In an ironic twist, a three-month campaign that invited the public to name and vote for green heroes, the famous director was nominated a candidate for "Green Chinese of the Year," an annual award for those who have played an active role in environmental protection in China. Those who voted for him said, "We know he cannot get the award but are still nominating him, for the issue of environmental protection wouldn't have got so much attention without him."

The subtle jeering of Chen Kaige ended on December 9 when the list of the eight winners of "Green Chinese of the Year" was released. Of course, he was not on the list. An anonymous organizer of the event, co-sponsored by State Environmental Protection Administration and six other government departments, said Chen's example was a warning to everyone: Whoever ignores environmental protection shall pay a high price.

The public attention to this year's election of green figures was unprecedented. The award committee received a total of 223 calls, nearly 80,000 online comments and 630,000 online votes, showing that ordinary Chinese are concerned about environmental protection.

China's rapid economic growth in recent years has focused attention on the high price that the creation of material wealth has extracted in terms of environmental degradation.

Tang Ying, a green volunteer from Beijing, was one of the online voters for the "Green Chinese of the Year" contest. In a recent speech on environment protection, she said, "Globally, virgin forests are dwindling at the rate of 16 million hectares every year and making the animal and plant species they support extinct. Global warming is increasingly triggering disastrous climate changes, leading to more typhoons, floods and droughts." She raised the alarm that fresh water supplies may not be adequate to satisfy human demands in the near future.

A 16-year-old high school student Han Wen said, "We are paying a heavy price for ignoring environmental protection. Of China's 700 rivers, 46.5 percent are polluted and 360 million farmers have no access to clean drinking water." He said he didn't dare think of how the ecological environment would look when he turned 60, if no measures to check pollution were put in place.
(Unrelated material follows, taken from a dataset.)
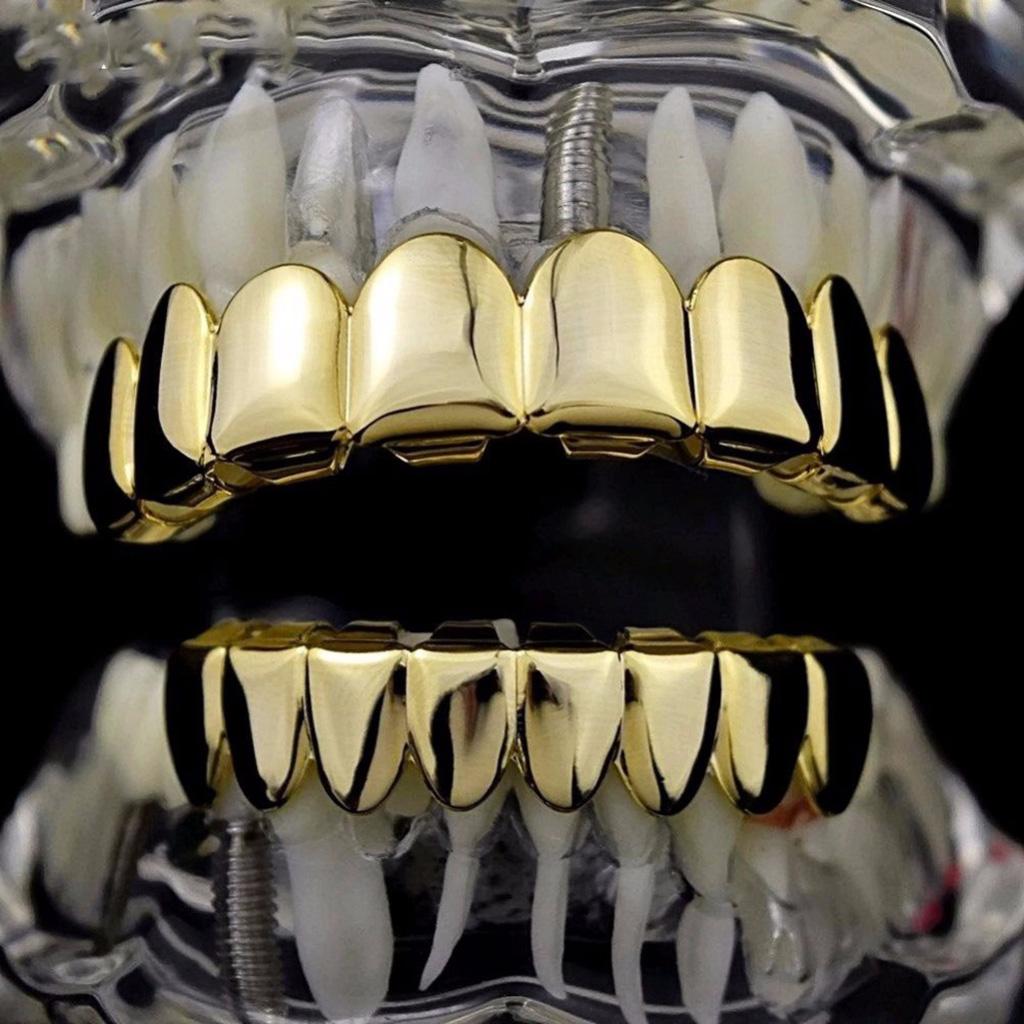 Grills 18k Gold Plated Eight 8 Top Teeth & Bottom Tooth Plain Hip Hop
"Environmental pollution has become a major problem of China's development, which has not been properly solved," said Premier Wen Jiabao at a press conference this March. He said during the Tenth Five-year Plan for National Economic and Social Development (2000-2005) China had achieved most of its economic goals but had failed to achieve two major environmental protection goals, namely curtailing emission of sulfur dioxide and chemical oxygen demand. It was stated in the Tenth Five-year Plan that the emission of sulfur dioxide and chemical oxygen demand should both be reduced by 10 percent by 2005 over the levels reached in 2000. In 2005, the emission of sulfur dioxide increased by 27 percent and chemical oxygen demand dropped by only 2 percent.